I’ve written in the past about organisations setting up test and learn capabilities, and how languages such as Ruby on Rails make this so much easier. Sadly, even with the best will in the world it is not unusual for these internal skunk works outfits to fail. Scott Berkun’s recent post gives a good reason why; they score highly on the Idea Approval Index where the higher the number, the harder the innovation is.

If you are going to be serious about test and learn it is essential to remove barriers to its success, and that means removing bands of bureaucracy and sign-off. Identify the number of approvals you assume will be required then plan how to eliminate them. What strategies can you put in place to keep stakeholders in the loop, but at a distance so they can’t kill the innovation before it’s given oxygen to breathe. Realise that what is being tested is a “beta” and market it as such. Give clear terms and conditions, use controlled environments (for example testing on staff within the internal network), anything to prevent it being subject to the usual legal / compliance / architectural constraints.

Lotus notes, outlook and Office 2007

I’m no fan of Lotus Notes. I prefer to use Outlook to read Lotus Notes; there is a connector that makes it possible to read your mail and use your calendar without ever having to open Notes. So it was happy days until I got a new laptop which only had Office 2007 installed. Office 2007 may be great, but the connector is not compatible and it meant having to go back to using Notes again. A couple of days of that and I was tearing my hair out. Even the promise of Lotus Notes 8 would entice me to stick with the experience.

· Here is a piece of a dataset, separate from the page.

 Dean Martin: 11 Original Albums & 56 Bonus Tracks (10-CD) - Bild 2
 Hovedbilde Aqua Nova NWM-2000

So, how do you run Office 2007 and use Outlook as your mail client on top of Notes? It is possible… Office 2003 needs to be installed first with the notes connector working. Then install Office 2007, selecting to keep the old version of Office, perform a “custom install” and in the installation options remove all outlook components. You must not install Outlook 2007.

Result? Happy days again – Office 2007 goodness for all but Outlook! And I can live with email and calender in Outlook 2003 using Outlook’s text editor to write mail if it means that Notes can once again be an unused Shortcut on my desktop.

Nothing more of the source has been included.